• _SUPPLIED MATERIAL_
..............................

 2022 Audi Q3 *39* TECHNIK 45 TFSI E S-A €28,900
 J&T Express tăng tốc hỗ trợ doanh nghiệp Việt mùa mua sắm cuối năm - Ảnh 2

..............................

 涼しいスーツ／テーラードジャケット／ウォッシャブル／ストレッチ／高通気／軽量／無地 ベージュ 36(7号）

..............................

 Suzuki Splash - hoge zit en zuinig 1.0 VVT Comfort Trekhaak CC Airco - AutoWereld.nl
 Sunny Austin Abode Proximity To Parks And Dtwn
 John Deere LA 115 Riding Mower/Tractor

..............................

• _TASK ITEM_
Your task is to restate, word for word, only those lines above that fall between the line holding "2022 Audi Q3" and the line holding "J&T Express tăng", inclusive.

• _OUTPUT FOR THIS TASK_
 2022 Audi Q3 *39* TECHNIK 45 TFSI E S-A €28,900
 J&T Express tăng tốc hỗ trợ doanh nghiệp Việt mùa mua sắm cuối năm - Ảnh 2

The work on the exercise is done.